## Aim of the exercise
Beginning with the line that holds "Ford Explorer - 30" and ending with the last line, please repeat the entries exactly and omit the pictures.

## Source information
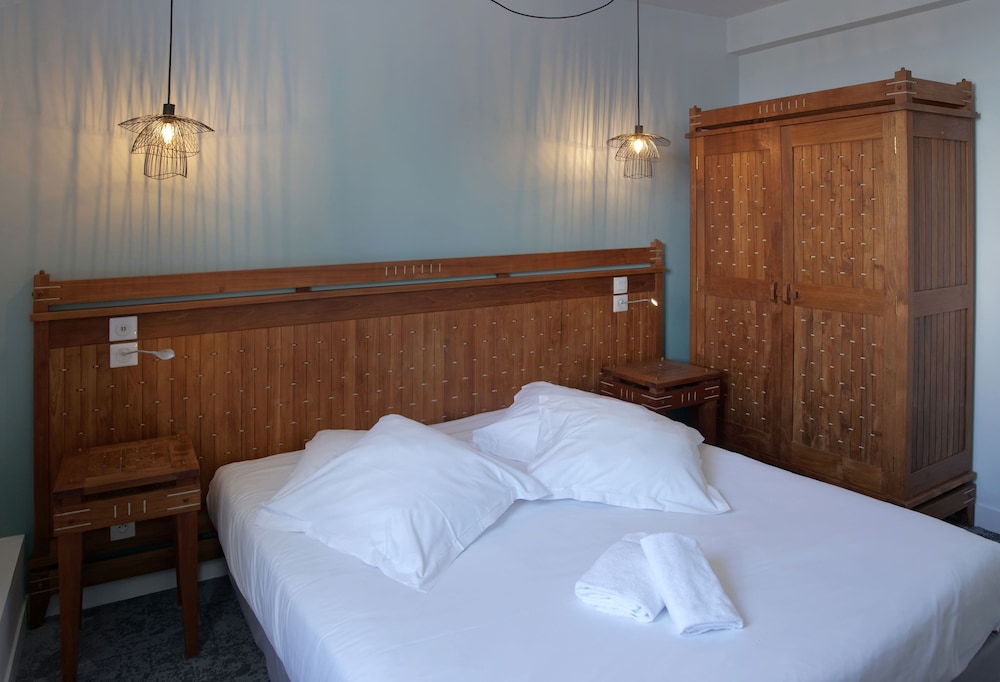 Double Room, 1 Queen Bed, Sea View photo 3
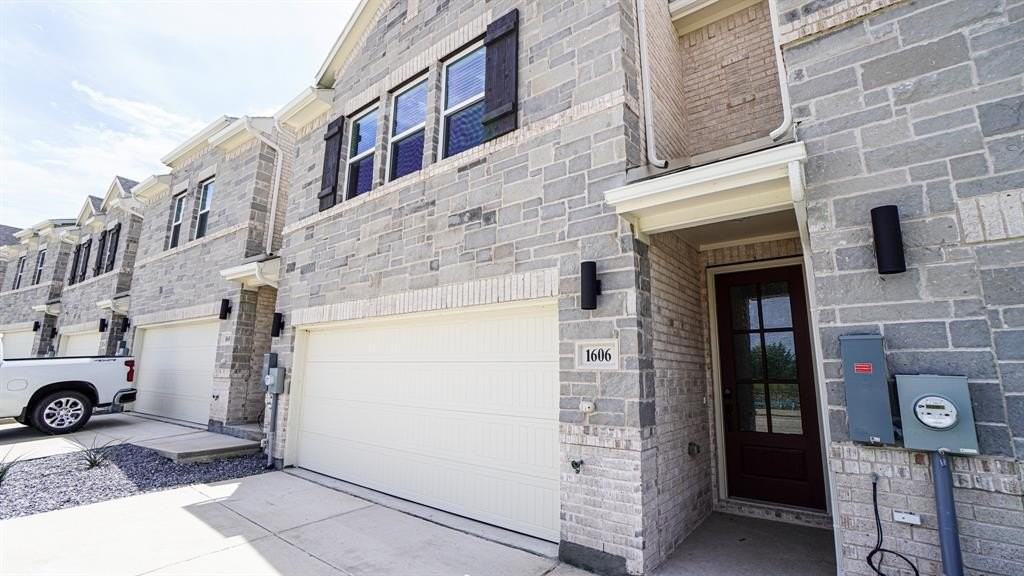 1606 Governors Blvd - Photo 4 of 33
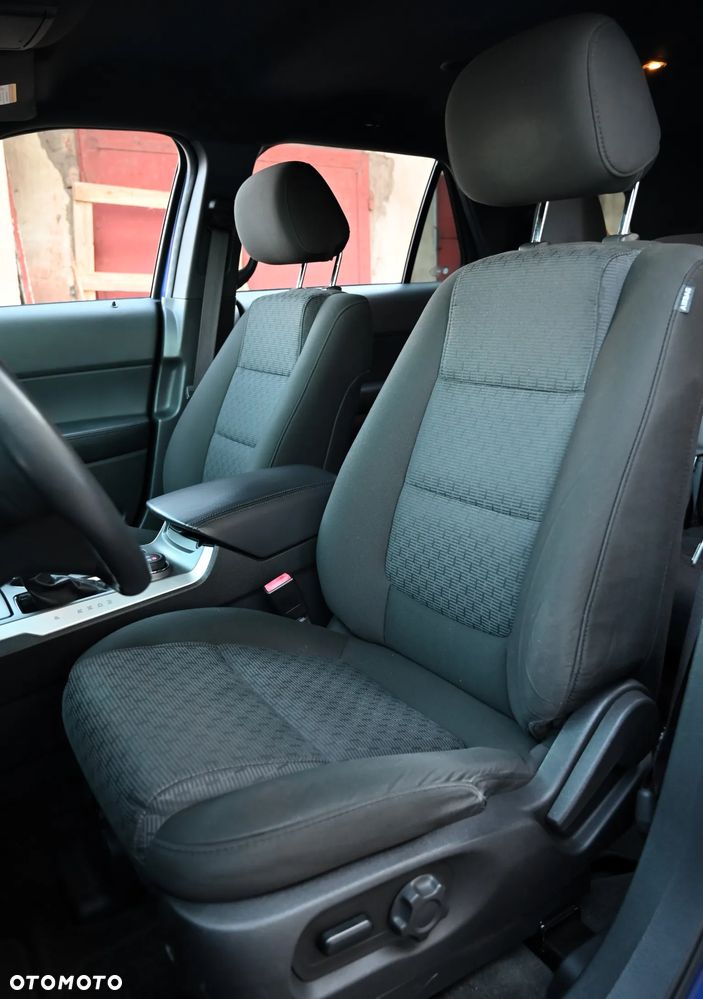 Ford Explorer - 30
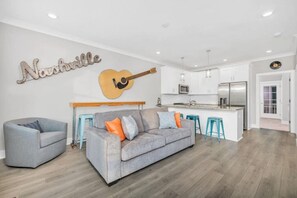 Smart-TV, Tischtennisplatte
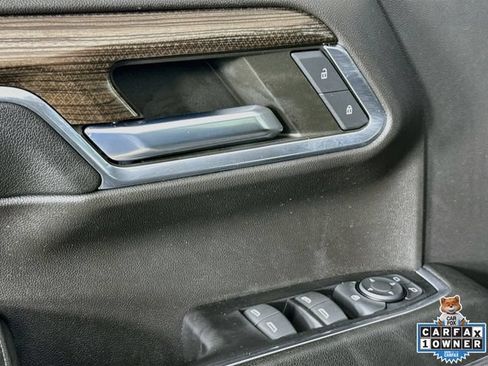 Used 2023 Chevrolet Silverado 1500 LT AWD/4WD image 18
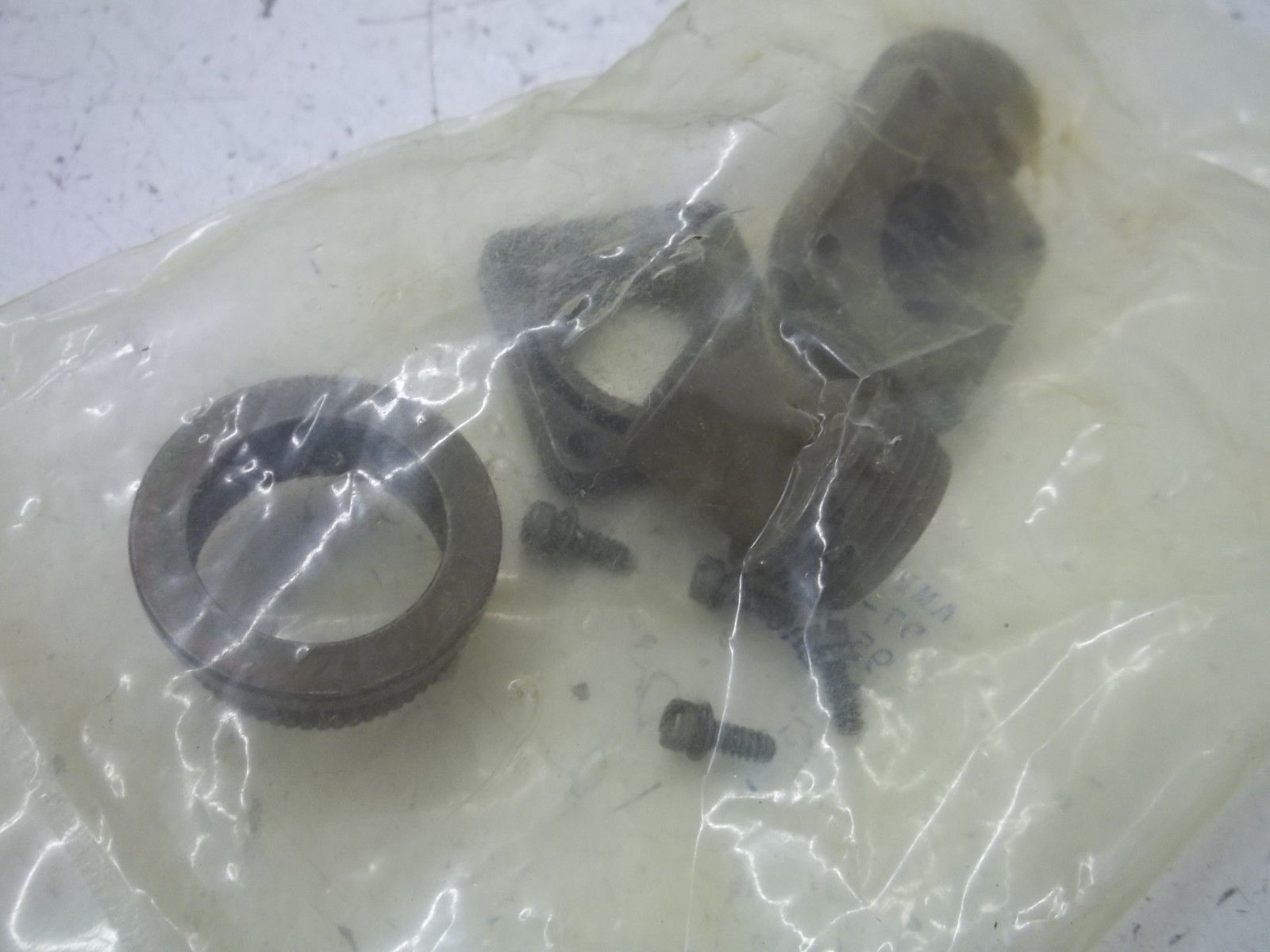 AMPHENOL 97-3108A-14S CONNECTOR NSMP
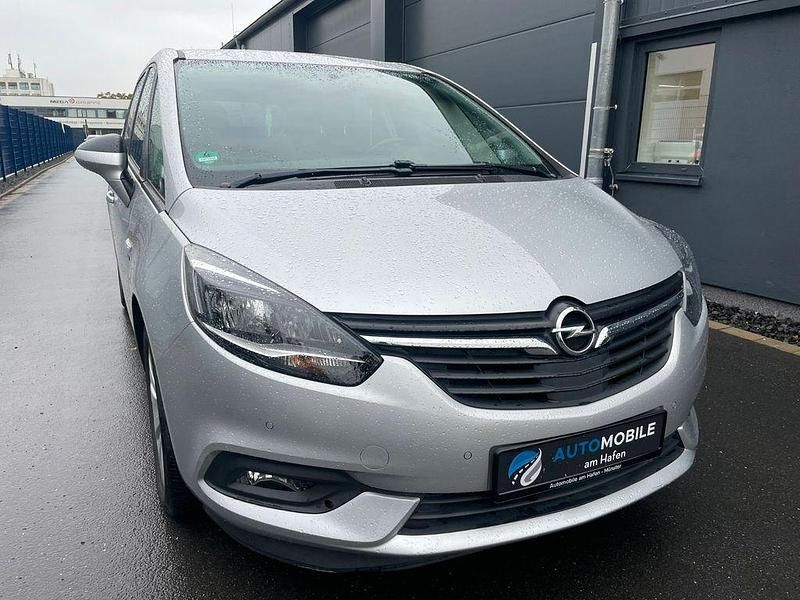 Silber Gebraucht 2019 Opel Zafira Van / Kleinbus | 13.990 € (Fairer Preis) - Bild 1/4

## Solution below
 Ford Explorer - 30
 Smart-TV, Tischtennisplatte
 Used 2023 Chevrolet Silverado 1500 LT AWD/4WD image 18
 AMPHENOL 97-3108A-14S CONNECTOR NSMP
 Silber Gebraucht 2019 Opel Zafira Van / Kleinbus | 13.990 € (Fairer Preis) - Bild 1/4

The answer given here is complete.